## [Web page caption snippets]
##########

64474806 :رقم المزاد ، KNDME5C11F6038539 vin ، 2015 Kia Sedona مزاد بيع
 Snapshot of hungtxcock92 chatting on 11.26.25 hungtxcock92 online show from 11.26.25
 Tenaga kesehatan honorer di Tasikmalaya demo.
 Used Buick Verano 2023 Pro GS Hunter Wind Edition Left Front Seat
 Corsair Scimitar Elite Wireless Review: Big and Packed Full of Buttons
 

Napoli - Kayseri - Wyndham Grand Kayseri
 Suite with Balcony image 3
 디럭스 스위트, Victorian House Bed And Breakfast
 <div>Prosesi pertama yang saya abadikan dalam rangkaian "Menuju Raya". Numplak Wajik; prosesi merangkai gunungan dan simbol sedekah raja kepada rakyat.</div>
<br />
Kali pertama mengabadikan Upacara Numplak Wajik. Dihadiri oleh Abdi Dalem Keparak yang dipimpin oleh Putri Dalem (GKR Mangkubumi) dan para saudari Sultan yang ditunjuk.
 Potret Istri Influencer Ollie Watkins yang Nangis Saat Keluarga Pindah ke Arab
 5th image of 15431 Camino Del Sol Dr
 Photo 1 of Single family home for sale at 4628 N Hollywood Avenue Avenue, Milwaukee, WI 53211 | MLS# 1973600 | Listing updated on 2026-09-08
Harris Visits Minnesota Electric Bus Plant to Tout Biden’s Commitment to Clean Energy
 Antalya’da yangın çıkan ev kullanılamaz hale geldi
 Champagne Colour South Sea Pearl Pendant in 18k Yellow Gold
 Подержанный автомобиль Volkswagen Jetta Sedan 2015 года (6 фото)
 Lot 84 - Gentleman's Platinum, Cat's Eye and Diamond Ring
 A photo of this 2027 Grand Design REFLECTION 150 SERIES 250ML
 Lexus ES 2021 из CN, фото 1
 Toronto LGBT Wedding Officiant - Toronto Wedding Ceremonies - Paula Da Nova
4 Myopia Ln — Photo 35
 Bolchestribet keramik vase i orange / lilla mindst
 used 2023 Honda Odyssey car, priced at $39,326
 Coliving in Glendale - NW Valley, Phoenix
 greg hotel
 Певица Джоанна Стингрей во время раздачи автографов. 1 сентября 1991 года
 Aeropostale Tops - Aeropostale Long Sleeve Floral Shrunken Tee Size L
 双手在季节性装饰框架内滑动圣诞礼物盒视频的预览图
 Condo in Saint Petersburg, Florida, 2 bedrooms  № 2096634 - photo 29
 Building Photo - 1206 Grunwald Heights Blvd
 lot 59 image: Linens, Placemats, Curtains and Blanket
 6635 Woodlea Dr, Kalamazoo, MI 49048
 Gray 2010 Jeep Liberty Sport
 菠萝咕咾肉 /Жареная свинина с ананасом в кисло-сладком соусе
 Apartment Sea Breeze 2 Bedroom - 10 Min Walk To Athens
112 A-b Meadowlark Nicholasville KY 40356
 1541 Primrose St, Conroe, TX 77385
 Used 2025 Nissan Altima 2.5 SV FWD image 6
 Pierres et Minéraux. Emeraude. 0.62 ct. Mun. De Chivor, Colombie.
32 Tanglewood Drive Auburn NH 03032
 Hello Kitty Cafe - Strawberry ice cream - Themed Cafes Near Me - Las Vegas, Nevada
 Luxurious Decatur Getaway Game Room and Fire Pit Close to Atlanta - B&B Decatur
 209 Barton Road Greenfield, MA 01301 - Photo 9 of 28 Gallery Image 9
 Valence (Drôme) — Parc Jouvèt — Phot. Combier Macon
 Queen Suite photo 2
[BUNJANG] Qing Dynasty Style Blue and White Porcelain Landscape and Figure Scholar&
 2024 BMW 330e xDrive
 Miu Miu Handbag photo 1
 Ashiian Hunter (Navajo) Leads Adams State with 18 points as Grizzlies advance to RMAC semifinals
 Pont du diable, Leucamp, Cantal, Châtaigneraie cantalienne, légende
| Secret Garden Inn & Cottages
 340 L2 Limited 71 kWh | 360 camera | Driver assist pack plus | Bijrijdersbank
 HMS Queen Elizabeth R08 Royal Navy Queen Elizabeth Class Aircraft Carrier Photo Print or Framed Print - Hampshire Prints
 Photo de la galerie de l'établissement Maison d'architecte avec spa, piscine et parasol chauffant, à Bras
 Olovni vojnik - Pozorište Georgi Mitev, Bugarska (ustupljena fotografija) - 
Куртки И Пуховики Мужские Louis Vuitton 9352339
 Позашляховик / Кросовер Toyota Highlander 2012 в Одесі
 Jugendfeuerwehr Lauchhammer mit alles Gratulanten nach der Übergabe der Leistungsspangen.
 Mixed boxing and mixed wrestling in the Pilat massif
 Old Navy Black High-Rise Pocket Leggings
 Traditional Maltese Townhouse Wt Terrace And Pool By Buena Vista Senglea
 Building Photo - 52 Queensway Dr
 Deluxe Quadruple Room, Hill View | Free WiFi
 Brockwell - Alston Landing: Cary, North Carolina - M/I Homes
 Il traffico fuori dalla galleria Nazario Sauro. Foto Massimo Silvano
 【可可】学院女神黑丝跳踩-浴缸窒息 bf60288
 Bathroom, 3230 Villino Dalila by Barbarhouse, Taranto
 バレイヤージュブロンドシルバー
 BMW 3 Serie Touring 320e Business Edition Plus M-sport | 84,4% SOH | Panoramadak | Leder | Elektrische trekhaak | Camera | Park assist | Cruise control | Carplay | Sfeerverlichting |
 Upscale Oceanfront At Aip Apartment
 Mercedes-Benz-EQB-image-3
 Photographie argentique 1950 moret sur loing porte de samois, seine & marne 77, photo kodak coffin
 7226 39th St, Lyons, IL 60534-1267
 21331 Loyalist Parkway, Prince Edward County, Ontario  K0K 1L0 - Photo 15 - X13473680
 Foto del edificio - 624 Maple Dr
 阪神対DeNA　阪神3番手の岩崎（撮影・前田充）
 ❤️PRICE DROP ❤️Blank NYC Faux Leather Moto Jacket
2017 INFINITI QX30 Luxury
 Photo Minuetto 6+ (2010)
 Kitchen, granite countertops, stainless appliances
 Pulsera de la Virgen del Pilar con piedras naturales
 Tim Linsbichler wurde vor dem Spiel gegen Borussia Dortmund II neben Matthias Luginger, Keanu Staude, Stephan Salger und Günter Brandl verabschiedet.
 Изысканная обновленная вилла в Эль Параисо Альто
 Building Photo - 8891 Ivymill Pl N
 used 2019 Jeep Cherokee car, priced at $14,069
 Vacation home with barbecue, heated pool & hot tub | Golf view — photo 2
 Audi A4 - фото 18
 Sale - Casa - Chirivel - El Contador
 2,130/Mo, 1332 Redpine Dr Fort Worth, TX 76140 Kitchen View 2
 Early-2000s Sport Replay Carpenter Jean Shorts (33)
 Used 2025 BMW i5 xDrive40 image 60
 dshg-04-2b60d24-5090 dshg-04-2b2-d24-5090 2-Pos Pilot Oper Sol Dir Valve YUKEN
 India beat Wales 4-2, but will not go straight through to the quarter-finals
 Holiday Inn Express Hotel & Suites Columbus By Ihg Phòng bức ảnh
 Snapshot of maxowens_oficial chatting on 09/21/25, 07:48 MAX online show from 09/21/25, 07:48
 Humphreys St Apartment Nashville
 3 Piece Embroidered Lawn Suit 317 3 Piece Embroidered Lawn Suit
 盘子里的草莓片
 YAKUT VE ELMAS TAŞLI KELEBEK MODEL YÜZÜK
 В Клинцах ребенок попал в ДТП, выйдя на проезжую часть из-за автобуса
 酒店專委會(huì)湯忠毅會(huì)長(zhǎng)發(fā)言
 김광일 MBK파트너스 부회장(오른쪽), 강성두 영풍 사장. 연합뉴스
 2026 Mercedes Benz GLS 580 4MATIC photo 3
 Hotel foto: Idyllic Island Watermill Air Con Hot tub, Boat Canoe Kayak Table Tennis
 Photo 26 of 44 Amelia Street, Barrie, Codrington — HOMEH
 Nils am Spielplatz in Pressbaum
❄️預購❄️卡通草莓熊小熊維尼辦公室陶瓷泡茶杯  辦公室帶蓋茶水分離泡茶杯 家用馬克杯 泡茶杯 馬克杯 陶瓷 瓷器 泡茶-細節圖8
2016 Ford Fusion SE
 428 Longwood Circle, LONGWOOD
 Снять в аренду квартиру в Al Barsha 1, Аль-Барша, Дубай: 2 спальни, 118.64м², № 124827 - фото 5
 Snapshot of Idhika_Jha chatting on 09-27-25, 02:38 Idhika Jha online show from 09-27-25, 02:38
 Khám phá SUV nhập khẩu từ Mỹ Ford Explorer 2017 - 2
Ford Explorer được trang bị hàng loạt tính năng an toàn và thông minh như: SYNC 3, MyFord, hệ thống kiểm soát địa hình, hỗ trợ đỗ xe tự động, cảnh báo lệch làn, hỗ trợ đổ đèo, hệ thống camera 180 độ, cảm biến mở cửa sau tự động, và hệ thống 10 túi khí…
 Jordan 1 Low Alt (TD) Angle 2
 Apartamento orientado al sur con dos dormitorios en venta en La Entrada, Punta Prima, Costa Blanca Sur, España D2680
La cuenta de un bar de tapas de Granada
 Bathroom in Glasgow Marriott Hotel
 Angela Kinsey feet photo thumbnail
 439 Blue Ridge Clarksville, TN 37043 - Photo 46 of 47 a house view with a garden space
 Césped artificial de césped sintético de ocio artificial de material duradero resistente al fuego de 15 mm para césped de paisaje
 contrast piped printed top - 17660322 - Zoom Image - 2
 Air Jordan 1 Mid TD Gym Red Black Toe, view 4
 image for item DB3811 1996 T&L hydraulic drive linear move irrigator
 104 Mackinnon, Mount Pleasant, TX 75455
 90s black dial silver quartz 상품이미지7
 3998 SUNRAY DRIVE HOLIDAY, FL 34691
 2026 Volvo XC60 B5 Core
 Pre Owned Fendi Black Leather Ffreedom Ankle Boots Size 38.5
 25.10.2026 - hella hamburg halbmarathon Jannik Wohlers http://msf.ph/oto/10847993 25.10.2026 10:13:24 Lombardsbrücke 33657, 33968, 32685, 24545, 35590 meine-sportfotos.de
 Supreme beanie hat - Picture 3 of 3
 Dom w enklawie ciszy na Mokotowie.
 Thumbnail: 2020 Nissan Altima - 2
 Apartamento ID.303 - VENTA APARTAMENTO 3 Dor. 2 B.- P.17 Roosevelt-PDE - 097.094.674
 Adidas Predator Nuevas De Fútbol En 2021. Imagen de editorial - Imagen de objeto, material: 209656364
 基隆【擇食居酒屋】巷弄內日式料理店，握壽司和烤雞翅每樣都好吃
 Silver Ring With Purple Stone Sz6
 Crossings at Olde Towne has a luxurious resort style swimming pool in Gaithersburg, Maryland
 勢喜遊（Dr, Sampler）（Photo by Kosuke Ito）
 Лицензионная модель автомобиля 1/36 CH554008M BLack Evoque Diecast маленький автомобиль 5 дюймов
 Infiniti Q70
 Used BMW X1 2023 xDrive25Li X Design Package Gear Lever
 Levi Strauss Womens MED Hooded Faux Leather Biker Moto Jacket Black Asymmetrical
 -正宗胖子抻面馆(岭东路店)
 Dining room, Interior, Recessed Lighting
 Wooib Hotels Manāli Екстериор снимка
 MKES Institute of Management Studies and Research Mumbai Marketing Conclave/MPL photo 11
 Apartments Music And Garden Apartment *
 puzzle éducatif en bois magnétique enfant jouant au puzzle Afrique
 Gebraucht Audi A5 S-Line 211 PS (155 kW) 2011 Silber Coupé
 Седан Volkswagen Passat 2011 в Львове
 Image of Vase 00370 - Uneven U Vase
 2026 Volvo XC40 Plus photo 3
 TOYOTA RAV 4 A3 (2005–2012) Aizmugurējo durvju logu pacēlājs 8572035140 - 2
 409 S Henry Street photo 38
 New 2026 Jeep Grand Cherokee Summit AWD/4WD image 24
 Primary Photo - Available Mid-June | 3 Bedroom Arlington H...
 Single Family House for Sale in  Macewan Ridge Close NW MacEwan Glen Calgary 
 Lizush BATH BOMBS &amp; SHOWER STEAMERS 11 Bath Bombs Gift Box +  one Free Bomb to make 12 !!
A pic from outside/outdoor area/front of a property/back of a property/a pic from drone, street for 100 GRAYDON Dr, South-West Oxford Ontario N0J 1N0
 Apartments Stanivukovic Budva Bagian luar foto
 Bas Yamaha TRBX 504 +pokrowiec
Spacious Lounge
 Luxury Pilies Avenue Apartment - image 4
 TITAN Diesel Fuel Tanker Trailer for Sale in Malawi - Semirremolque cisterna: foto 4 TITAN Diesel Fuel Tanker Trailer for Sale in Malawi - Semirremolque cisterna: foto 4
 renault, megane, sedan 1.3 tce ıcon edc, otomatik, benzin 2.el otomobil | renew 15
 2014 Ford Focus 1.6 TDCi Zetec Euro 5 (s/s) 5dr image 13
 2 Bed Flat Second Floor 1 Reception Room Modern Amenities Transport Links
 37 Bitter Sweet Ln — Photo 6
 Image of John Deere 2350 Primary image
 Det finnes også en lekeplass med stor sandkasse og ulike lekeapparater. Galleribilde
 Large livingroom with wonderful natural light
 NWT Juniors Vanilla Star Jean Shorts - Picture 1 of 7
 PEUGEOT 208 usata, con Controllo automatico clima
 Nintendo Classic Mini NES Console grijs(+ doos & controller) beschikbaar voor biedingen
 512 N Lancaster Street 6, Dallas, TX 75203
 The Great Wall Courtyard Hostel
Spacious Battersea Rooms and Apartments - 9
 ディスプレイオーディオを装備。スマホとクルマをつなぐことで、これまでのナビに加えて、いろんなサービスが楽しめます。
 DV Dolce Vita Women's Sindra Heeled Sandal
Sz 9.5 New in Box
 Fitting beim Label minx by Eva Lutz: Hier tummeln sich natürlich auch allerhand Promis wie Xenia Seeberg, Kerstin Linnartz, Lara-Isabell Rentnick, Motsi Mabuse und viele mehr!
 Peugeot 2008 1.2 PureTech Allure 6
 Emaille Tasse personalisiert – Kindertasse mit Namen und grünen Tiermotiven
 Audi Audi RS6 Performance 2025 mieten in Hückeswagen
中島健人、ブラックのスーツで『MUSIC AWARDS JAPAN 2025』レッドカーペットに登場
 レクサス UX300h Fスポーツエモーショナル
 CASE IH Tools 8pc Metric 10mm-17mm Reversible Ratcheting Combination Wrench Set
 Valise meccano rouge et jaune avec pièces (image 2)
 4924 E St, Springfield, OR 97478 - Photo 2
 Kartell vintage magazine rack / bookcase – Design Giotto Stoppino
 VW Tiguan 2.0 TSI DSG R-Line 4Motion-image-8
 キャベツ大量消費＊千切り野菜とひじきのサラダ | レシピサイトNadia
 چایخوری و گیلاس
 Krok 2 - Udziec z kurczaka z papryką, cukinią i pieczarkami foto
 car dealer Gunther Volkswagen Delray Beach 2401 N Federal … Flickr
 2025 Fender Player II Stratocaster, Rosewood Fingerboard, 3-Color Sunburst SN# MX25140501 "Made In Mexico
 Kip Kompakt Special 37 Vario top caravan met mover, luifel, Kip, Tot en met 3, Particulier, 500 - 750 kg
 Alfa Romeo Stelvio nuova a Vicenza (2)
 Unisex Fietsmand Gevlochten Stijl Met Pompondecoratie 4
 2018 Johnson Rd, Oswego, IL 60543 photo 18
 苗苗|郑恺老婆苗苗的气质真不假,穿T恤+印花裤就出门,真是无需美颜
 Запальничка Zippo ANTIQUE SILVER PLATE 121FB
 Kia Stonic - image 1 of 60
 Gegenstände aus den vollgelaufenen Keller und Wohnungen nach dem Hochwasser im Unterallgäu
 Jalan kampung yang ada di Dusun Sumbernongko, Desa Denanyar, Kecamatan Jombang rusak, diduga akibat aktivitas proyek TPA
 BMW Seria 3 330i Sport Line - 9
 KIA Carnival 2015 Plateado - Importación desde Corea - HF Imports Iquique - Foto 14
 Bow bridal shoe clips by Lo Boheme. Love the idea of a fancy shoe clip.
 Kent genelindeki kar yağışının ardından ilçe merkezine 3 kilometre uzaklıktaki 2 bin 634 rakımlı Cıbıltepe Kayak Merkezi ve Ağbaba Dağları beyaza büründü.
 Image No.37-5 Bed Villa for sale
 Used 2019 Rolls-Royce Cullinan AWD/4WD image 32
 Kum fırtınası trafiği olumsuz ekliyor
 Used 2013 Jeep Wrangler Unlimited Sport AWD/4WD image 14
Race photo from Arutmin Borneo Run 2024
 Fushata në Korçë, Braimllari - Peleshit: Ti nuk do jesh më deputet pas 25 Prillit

##########

## [TASK REQUIREMENTS]
Copy out, exactly and alone, the lines of the entries above between the ones holding "37 Bitter Sweet Ln — Photo 6" and "Peugeot 2008 1.2 PureTech Allure 6", inclusive.

## [REPLY]
 37 Bitter Sweet Ln — Photo 6
 Image of John Deere 2350 Primary image
 Det finnes også en lekeplass med stor sandkasse og ulike lekeapparater. Galleribilde
 Large livingroom with wonderful natural light
 NWT Juniors Vanilla Star Jean Shorts - Picture 1 of 7
 PEUGEOT 208 usata, con Controllo automatico clima
 Nintendo Classic Mini NES Console grijs(+ doos & controller) beschikbaar voor biedingen
 512 N Lancaster Street 6, Dallas, TX 75203
 The Great Wall Courtyard Hostel
Spacious Battersea Rooms and Apartments - 9
 ディスプレイオーディオを装備。スマホとクルマをつなぐことで、これまでのナビに加えて、いろんなサービスが楽しめます。
 DV Dolce Vita Women's Sindra Heeled Sandal
Sz 9.5 New in Box
 Fitting beim Label minx by Eva Lutz: Hier tummeln sich natürlich auch allerhand Promis wie Xenia Seeberg, Kerstin Linnartz, Lara-Isabell Rentnick, Motsi Mabuse und viele mehr!
 Peugeot 2008 1.2 PureTech Allure 6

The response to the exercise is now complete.